Romney has lots of advantages in Illinois, but, the Boston Globe writes, “with increasing worry that Rick Santorum could score another upset, the former Massachusetts governor has rejiggered his schedule to spend much of the next four days campaigning in Illinois.”
“It is one of Mitt Romney’s most striking anecdotes. The US Navy, he says, has fewer ships today than in 1917, and the US Air Force is smaller than it was in 1947. Notwithstanding that today’s fleets are far beyond the capability of those from yesteryear, Romney says it is evidence that America’s military dominance is at risk,” the Boston Globe writes. “Romney’s solution is one of the most far-ranging, expensive, and perhaps least understood of his campaign.
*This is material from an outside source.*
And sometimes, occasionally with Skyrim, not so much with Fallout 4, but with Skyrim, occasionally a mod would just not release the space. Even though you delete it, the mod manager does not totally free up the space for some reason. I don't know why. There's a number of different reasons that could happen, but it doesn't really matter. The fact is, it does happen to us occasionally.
He has vowed to commit at least 4 percent of the nation’s gross domestic product - $4 out of every $100 in the nation’s economy - to ‘core’ defense spending, not including many war expenses.”
And: “Put another way, that means Romney proposes spending 61 percent more than Obama at the end of a decade-long cycle, according to the libertarian Cato Institute. Enacting such an increase at the same time that Romney wants to slash taxes and balance the budget could cost trillions of dollars and require huge cuts in domestic programs. As Romney’s website puts it matter-of-factly, ‘This will not be a cost-free process.’”
(Here’s a great graphic illustrating the huge increase in spending in a Romney budget.)
The AP’s Hunt looks at Santorum court evangelicals: “Nearly a hundred pastors from all over Louisiana and from as far away as Texas and Colorado accepted Family Research Council President Tony Perkins’ invitation to hear a personal pitch Sunday from the former Pennsylvania senator, who met with them in a private briefing before he addressed the more than 1,400 faithful who crowded into the sanctuary at Greenwell Springs Baptist Church.”
SANTORUM: Santorum saying that Puerto Rico had to speak English as its primary language hurt him. In a defensive press release following the results, Santorum spokesman Hogan Gidley said, "Mitt Romney says he supports English as the official language of America while on the mainland, but then says Puerto Ricans don't have to learn English while he's on Puerto Rico.”
He also said this: “Santorum, Romney's closest challenger, had an unfortunate slip of the lip when he called Puerto Rico a ‘Spanish-speaking country’ just as voters in the U.S. territory were going to the polls in the GOP primary,” the New York Daily News writes.
After defending his decision to back Sen. Arlen Specter across the country in a multitude of states, Santorum Sunday called his support for him a “mistake” on ABC’s This Week.
“Rick Santorum is declaring a war… on porn,” the New York Daily News writes. “The Republican presidential candidate and staunch social conservative wants to ban hard-core pornography. He calls it ‘toxic to marriages and relationships’ in a new statement posted on his official website. ‘America is suffering a pandemic of harm from pornography,’ the former Pennsylvania senator writes. ‘It contributes to misogyny and violence against women. It is a contributing factor to prostitution and sex trafficking.’ He demands a crackdown on the distribution of hardcore pornography on the Internet, in addition to material on cable/satellite TV, hotel/motel TV, retail shops and through the mail.”
Santorum did appear to win in Missouri (again).